The history of the rugged landscape of Far West Texas is inscribed in its passageways. The largest city, El Paso, gets its name from the historic Spanish mission, El Paso del Norte. It was the point marking passage from South to North, while the Rio Grande River cuts up from there through the mountains, marking a transition from East to West. For the new Federal Courthouse on the edge of downtown El Paso, architecture firm Antoine Predock drew inspiration from this rich history and the surrounding natural beauty. A grand “passageway” leads from downtown through the building’s two main structures, with views of the impressive Franklin peaks in the distance.
All throughout their design, the architects at Antoine Predock worked to reference both the geology and history of the area by working with its natural colors, textures, and materials. One structure of the building’s two main pieces is made of copper, in reference to a local smelter, and the other is crafted out of Texas limestone. In order to achieve this specific aesthetic while maintaining the practical features necessary for a hot desert climate, Antoine Predock architects turned to a Fabricoil™ architectural coiled wire fabric system, which utilizes an innovative metal fabric that offers exciting new potential to designers.
“One of the primary materials in the building is copper, so the Fabricoil system allowed us to use that material to shade the large expanses of glass near the building entry,” says Paul Fehlau, executive senior associate at Antoine Predock. For Predock’s designers, the Fabricoil system wasn’t just a practical solution; the material also opened up fascinating design possibilities and added a new element to the building, “The coil creates a dappled light pattern on the building's surfaces that allows users to observe the passage of time through changes in the shadow pattern,” says Felhau, giving the building its desired look and a dynamic feature. “The Fabricoil system allowed us to accomplish all of these goals with a material that fit into the building's material palette.”
Fabricoil systems, made by Cascade Coil Drapery, Inc., utilize a formable coiled wire fabric created specifically to help architects and designers overcome obstacles or add flair to any space. Available in an array of metals, colors and gauges, with a wide number of engineered attachment systems, Fabricoil systems are easy to customize for any imaginable application. They have practical functions such as shading large areas, protecting from falls, and ventilating, but can also simply add texture, divide spaces, or bring the perfect finishing touch to a room. Made in the USA, Fabricoil’s quality and price point provides value unmatched by traditional woven metal mesh with which it is often compared. This makes Fabricoil an elegant design solution for both interiors and exteriors for projects with even modest budgets.
For Antoine Predock’s team, affordability made the Fabricoil system a great choice, but the real advantage came from its simplicity and flexibility. With numerous options for material, gauge, color, finish, panel thickness, and more, it can be tailored to suit any vision. This means that the Fabricoil system works seamlessly with multiple styles, making it adaptable for a variety of different structures. “It is not as rigid as other metal meshes and it’s simpler with less obvious detail,” Fehlau says.

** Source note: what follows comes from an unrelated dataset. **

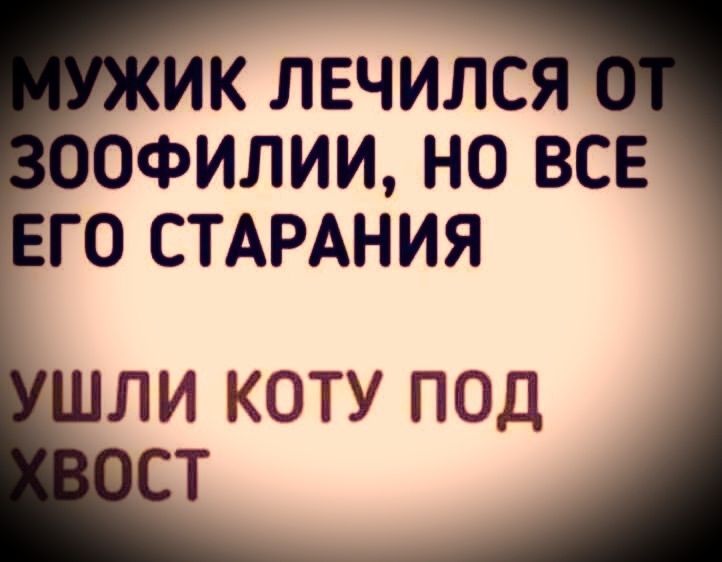 МУЖИК ЛЕЧИЛСЯ ОТ ЗООФИЛИИ, НО ВСЕ ЕГО СТАРАНИЯ УШЛИ КОТУ ПОД ХВОСТ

This malleability made it easy to incorporate Fabricoil systems into the specific vision for the El Paso courthouse, but it also means that it isn’t limited to the aesthetics of the desert. “Antoine's architecture emphasizes masses of material and simple form. Materials with a lot of small technical detail of their own can distract from the architecture. The Fabricoil system has a beautiful but simple surface that's very in keeping with Antoine's aesthetic intention.”
For unique ideas and visions like the ones that drove the design of the El Paso courthouse, architects can turn to Fabricoil systems for an inspired touch that they can’t get with traditional metal mesh. “It hangs like fabric and has a very distinctive three-dimensional aspect that you really cannot get with other woven meshes,” Fehlau says, “This allows you to suspend it from the top with a very simple detail and just let it drape, as compared to other meshes that need additional support to keep them in plane. There really isn't anything else like it.”